(MATERIAL FOR THE TASK begins)

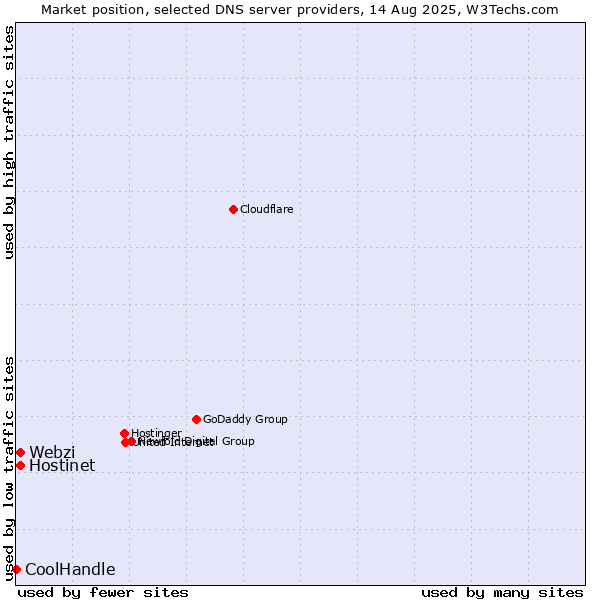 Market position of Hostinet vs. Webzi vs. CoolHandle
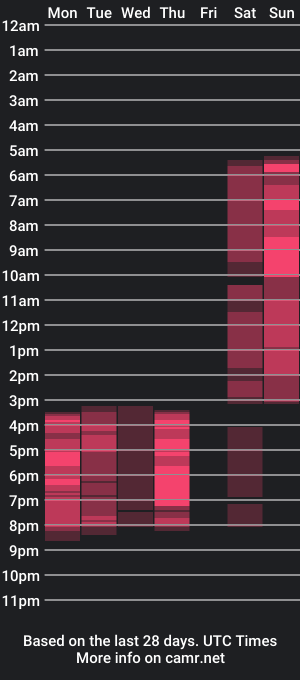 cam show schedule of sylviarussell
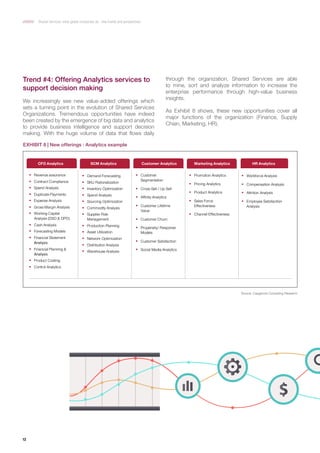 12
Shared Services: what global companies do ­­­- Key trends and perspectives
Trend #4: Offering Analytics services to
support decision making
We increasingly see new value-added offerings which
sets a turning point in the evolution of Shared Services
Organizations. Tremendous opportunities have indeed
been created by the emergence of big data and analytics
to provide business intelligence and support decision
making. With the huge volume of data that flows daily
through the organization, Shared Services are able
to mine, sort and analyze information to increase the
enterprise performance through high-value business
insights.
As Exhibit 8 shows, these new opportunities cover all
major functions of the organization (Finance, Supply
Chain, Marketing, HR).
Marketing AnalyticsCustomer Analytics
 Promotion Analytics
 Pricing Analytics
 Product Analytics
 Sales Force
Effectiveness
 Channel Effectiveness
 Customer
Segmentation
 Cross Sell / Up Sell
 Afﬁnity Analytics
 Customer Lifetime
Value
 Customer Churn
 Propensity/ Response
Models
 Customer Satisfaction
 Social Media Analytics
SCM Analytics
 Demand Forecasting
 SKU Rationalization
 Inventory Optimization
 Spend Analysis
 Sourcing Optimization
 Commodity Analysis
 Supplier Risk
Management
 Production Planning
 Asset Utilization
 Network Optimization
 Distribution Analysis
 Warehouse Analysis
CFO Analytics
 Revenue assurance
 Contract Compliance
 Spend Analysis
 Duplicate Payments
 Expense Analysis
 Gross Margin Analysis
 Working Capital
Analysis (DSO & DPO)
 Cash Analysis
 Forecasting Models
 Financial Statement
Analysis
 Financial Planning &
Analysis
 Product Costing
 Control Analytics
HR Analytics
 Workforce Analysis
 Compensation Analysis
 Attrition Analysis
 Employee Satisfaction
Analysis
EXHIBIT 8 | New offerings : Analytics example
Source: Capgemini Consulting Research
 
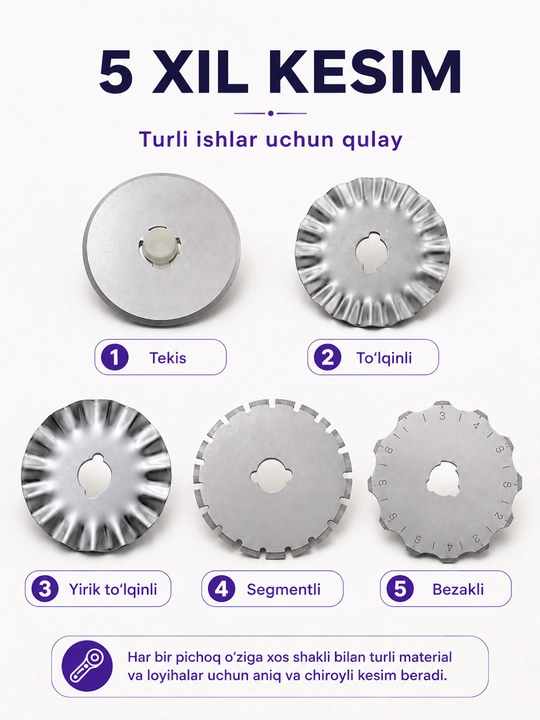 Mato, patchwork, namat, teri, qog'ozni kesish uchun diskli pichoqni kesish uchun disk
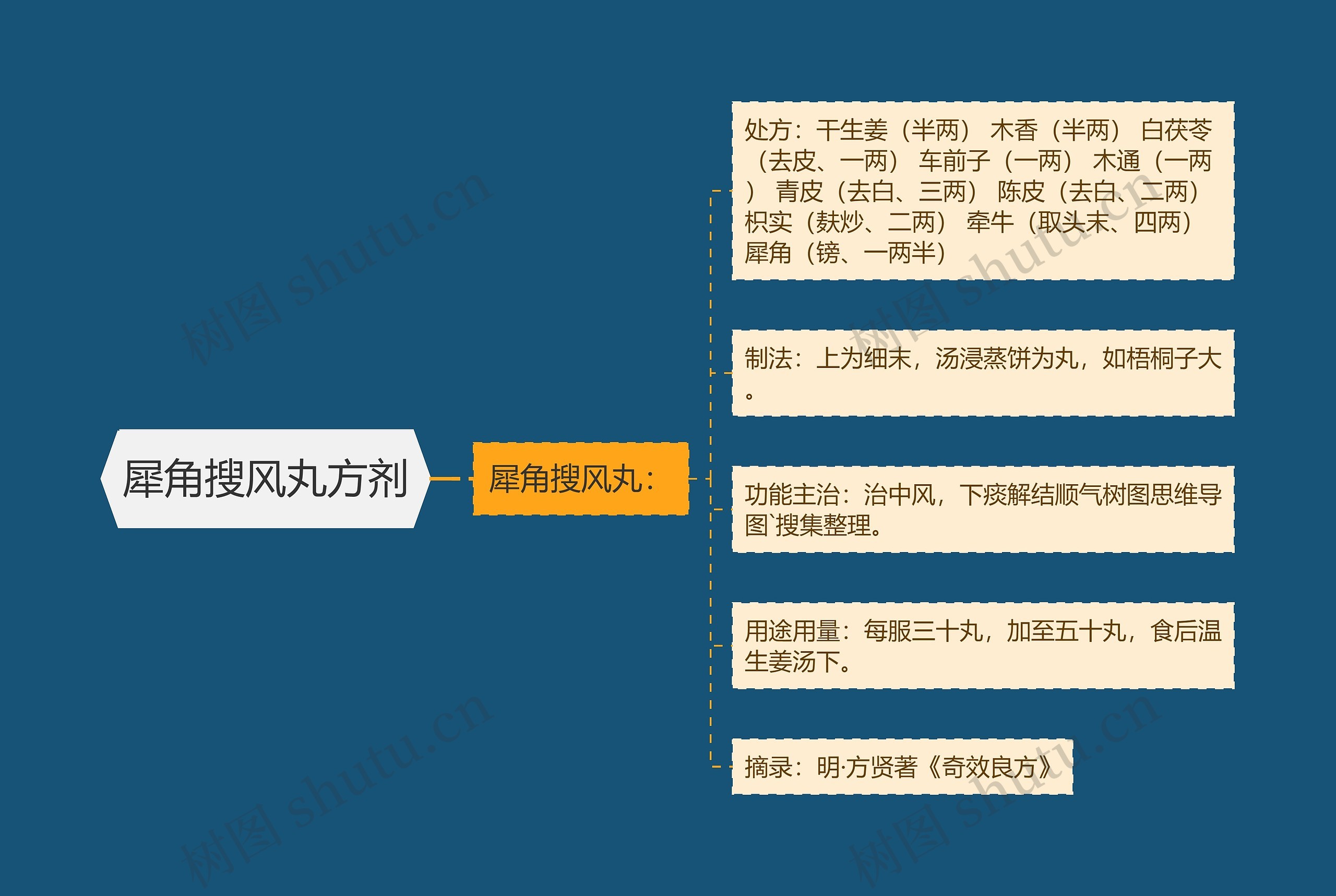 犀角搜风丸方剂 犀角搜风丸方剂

(MATERIAL FOR THE TASK ends)
(MATERIAL FOR THE TASK begins)

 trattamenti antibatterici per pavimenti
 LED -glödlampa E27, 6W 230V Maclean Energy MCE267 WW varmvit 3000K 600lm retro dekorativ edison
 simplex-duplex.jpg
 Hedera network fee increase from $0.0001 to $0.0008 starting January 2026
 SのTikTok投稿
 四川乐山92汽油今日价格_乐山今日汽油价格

(MATERIAL FOR THE TASK ends)
(MATERIAL FOR THE TASK begins)

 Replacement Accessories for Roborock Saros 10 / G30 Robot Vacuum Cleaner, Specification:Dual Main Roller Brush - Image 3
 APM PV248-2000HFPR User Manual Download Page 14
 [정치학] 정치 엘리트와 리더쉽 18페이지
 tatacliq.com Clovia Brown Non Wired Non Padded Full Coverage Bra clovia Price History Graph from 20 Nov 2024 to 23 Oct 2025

(MATERIAL FOR THE TASK ends)

ACTIVITY >> Find the word "through" in the entries above and gather every line that holds it.

ANSWER TO THIS PROBLEM >>
through the organization, Shared Services are able
enterprise performance through high-value business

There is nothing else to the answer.